- DIRECTIONS -
Start at the top of the records and, please, print each line exactly through the line that contains "Shop Arezzo Women's", leaving out all pictures.

- EXERCISE DATA -
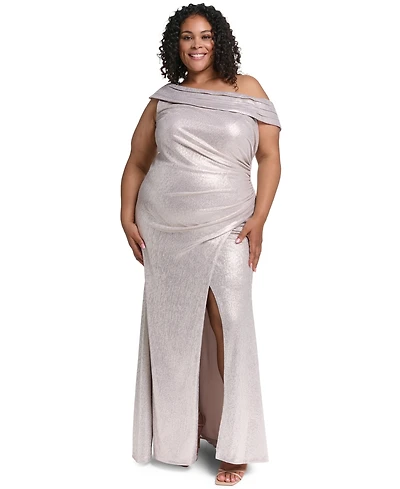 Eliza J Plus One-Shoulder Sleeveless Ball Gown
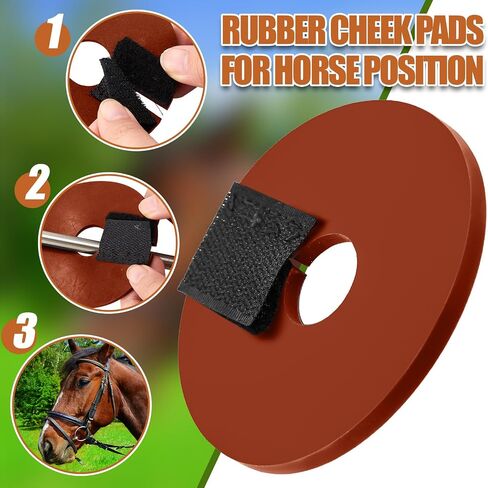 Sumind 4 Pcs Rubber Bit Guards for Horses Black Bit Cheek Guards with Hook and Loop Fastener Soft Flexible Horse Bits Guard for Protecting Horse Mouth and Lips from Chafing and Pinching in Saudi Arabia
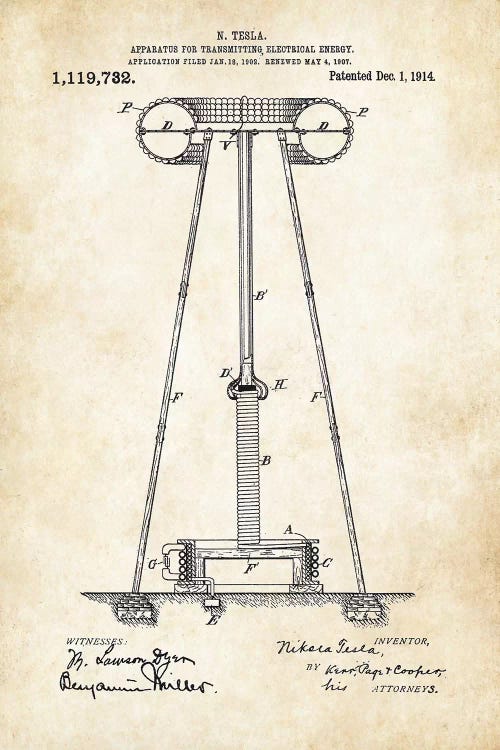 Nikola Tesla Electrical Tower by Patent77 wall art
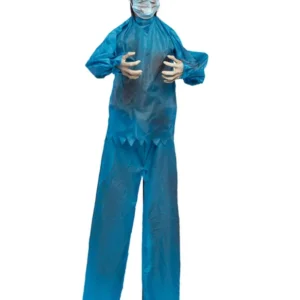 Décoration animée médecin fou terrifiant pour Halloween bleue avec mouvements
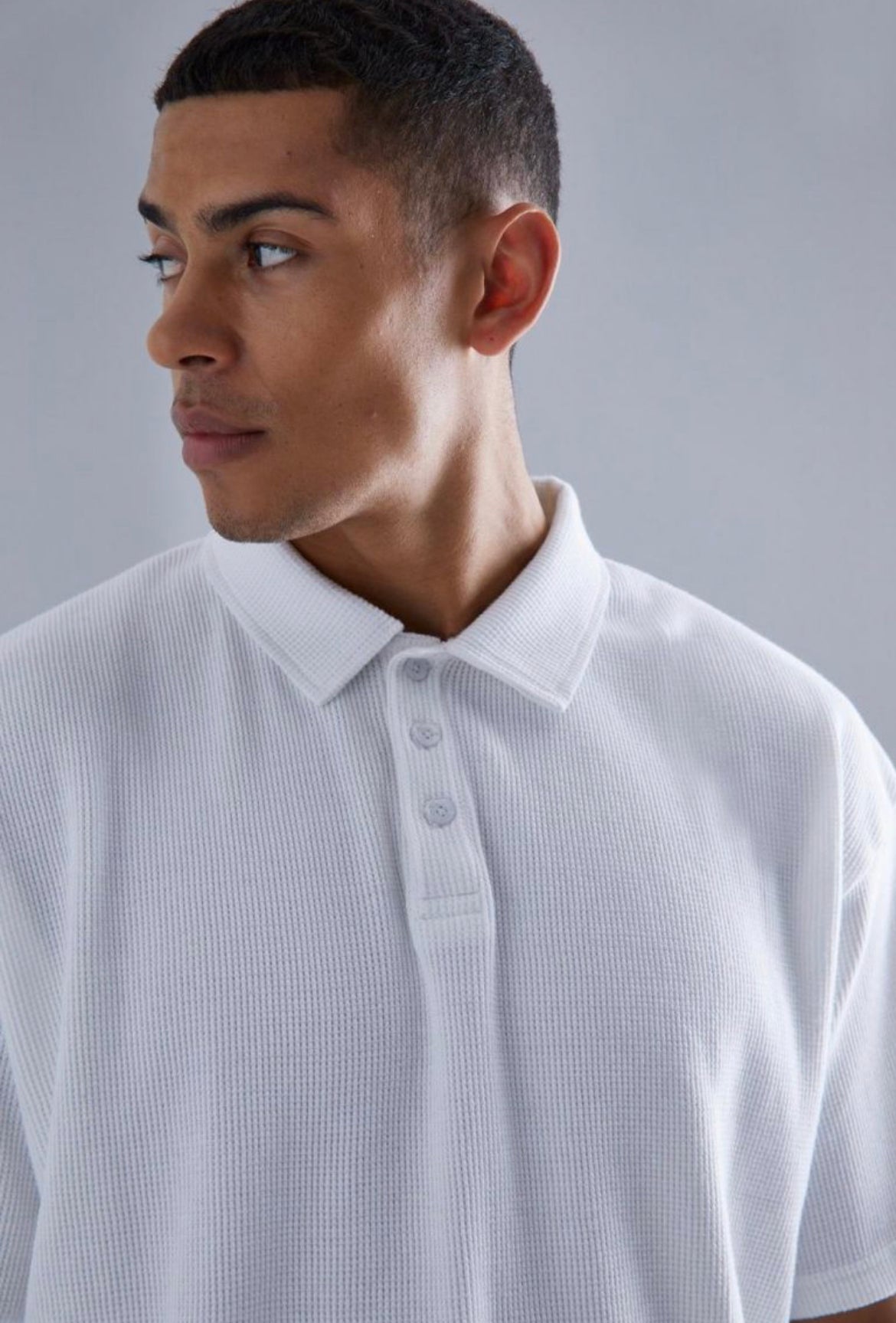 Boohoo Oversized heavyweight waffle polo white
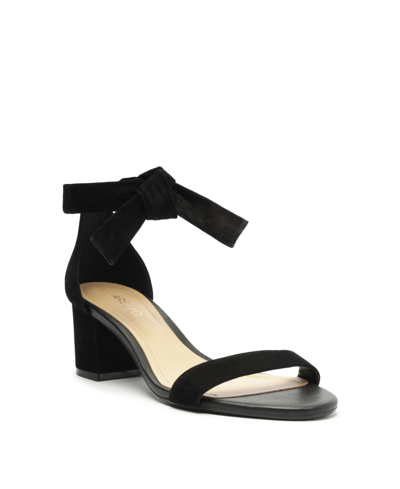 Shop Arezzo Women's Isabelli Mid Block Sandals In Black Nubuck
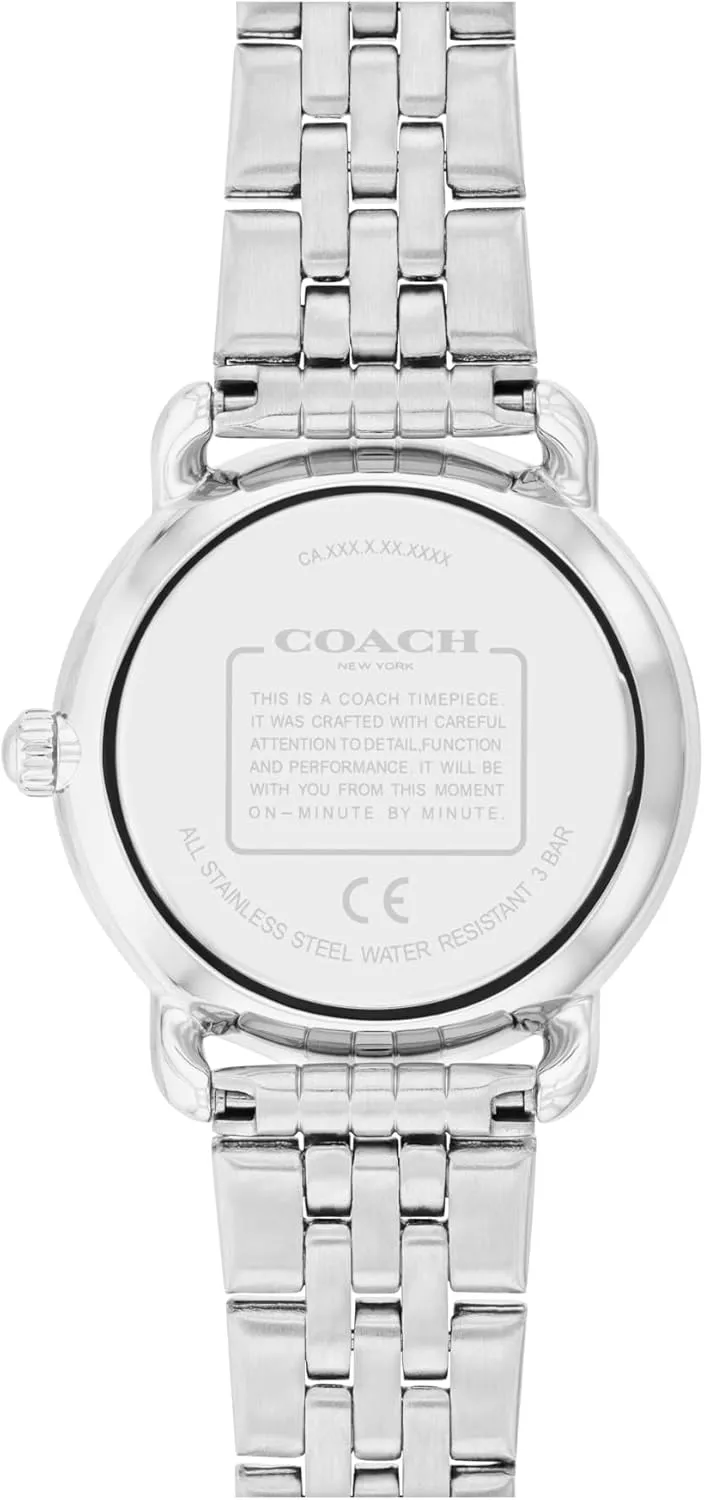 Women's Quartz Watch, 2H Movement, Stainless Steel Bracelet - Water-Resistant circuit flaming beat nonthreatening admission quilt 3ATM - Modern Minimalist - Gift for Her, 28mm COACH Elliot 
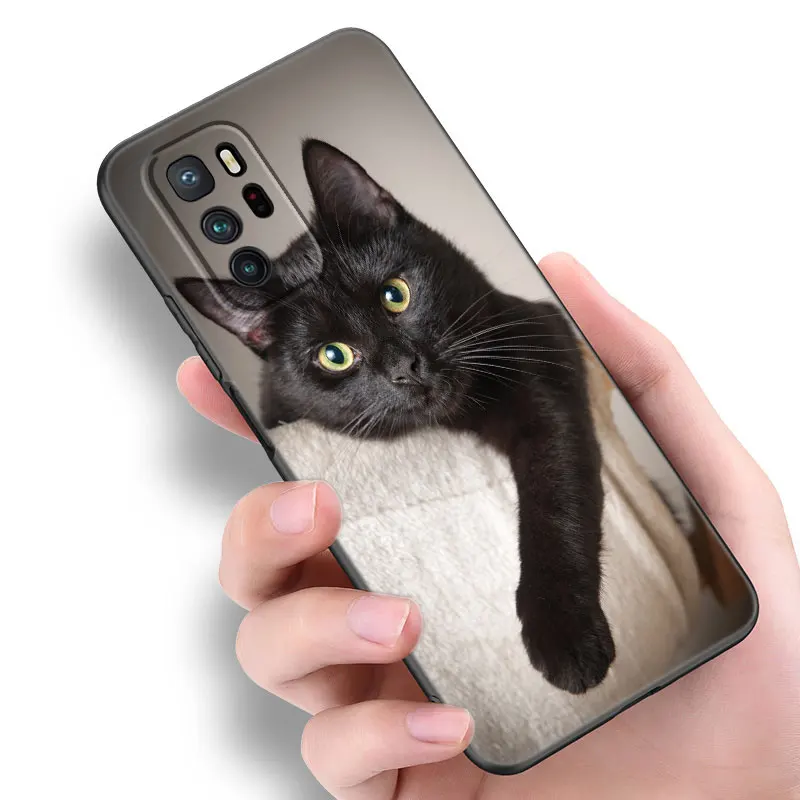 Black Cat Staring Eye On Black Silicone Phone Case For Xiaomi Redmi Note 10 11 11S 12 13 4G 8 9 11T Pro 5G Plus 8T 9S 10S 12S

- SOLUTION FOR THIS TASK -
 Eliza J Plus One-Shoulder Sleeveless Ball Gown
 Sumind 4 Pcs Rubber Bit Guards for Horses Black Bit Cheek Guards with Hook and Loop Fastener Soft Flexible Horse Bits Guard for Protecting Horse Mouth and Lips from Chafing and Pinching in Saudi Arabia
 Nikola Tesla Electrical Tower by Patent77 wall art
 Décoration animée médecin fou terrifiant pour Halloween bleue avec mouvements
 Boohoo Oversized heavyweight waffle polo white
 Shop Arezzo Women's Isabelli Mid Block Sandals In Black Nubuck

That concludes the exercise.